EXTRACTED MATERIAL:
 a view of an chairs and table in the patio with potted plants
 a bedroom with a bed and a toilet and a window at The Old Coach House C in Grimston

...

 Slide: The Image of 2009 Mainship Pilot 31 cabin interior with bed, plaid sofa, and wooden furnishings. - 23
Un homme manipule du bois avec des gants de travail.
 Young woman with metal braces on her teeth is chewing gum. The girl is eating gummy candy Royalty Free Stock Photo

TASK:
All that is wanted is a faithful reproduction of the line above with "a view of an", the line with "a bedroom with", and every line in between.

ANSWER:
 a view of an chairs and table in the patio with potted plants
 a bedroom with a bed and a toilet and a window at The Old Coach House C in Grimston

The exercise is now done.